- _Work task_
Exclude the pictures and repeat all of the data exactly.

--------

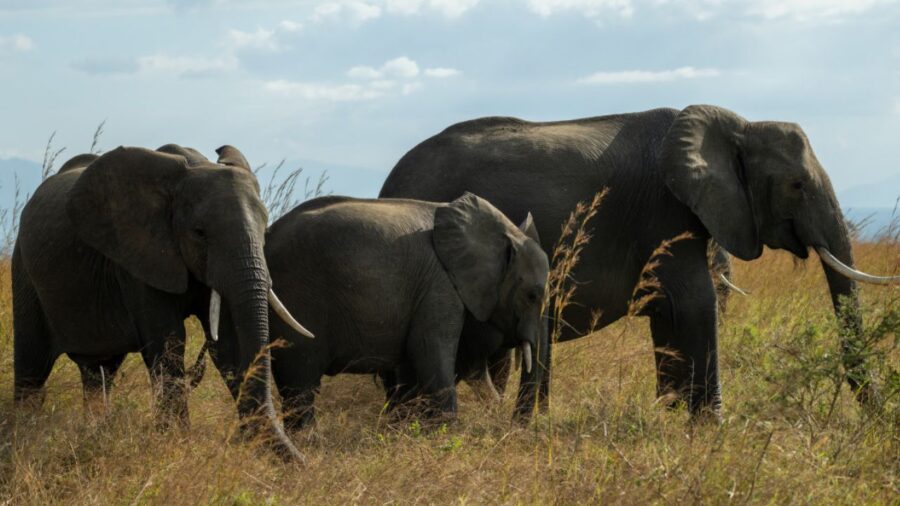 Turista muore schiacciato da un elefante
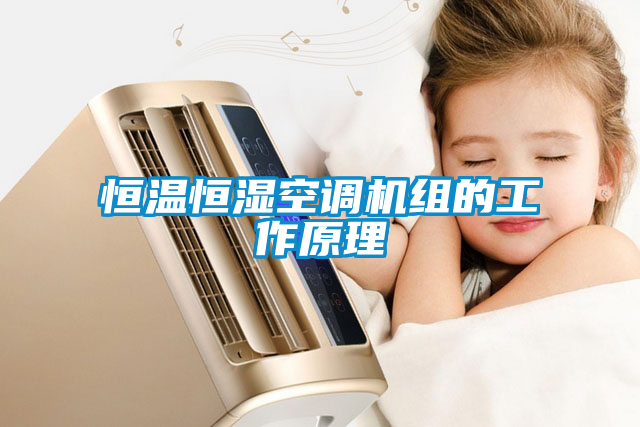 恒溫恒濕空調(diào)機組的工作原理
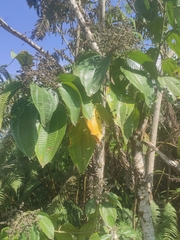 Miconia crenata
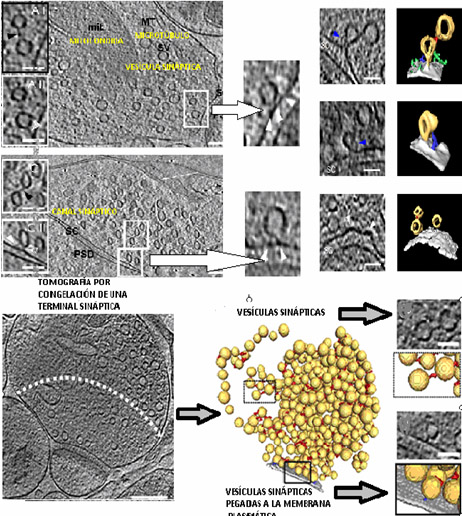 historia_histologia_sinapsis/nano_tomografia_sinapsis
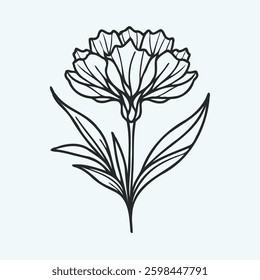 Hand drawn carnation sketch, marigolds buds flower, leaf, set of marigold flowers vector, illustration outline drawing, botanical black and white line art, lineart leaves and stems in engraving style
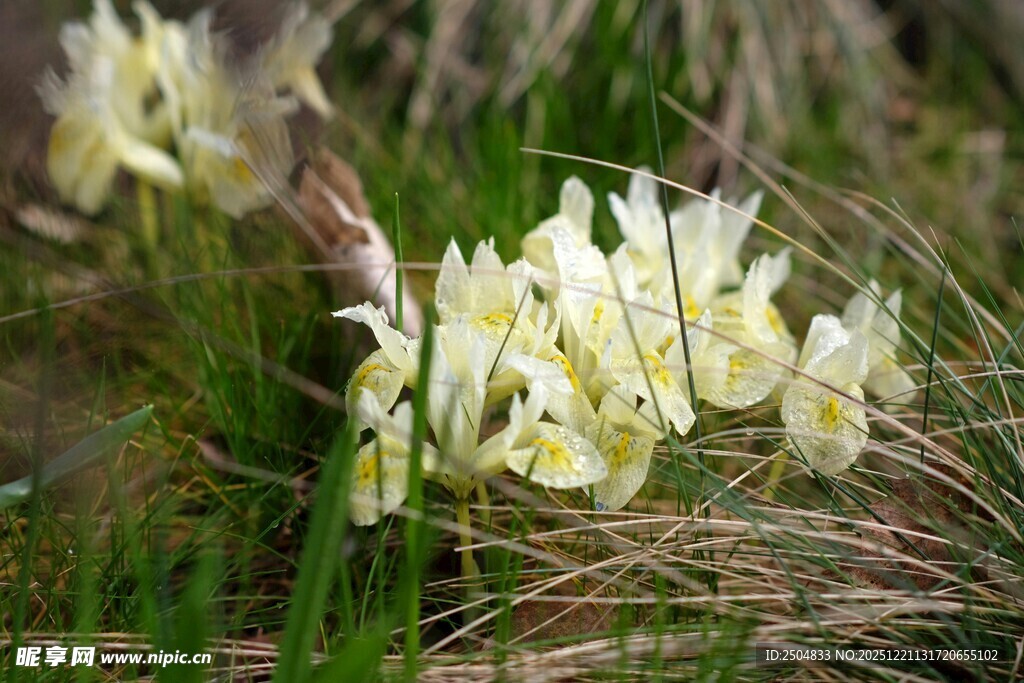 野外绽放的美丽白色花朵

--------

- _Answer space_
 Turista muore schiacciato da un elefante
 恒溫恒濕空調(diào)機組的工作原理
 Miconia crenata
 historia_histologia_sinapsis/nano_tomografia_sinapsis
 Hand drawn carnation sketch, marigolds buds flower, leaf, set of marigold flowers vector, illustration outline drawing, botanical black and white line art, lineart leaves and stems in engraving style
 野外绽放的美丽白色花朵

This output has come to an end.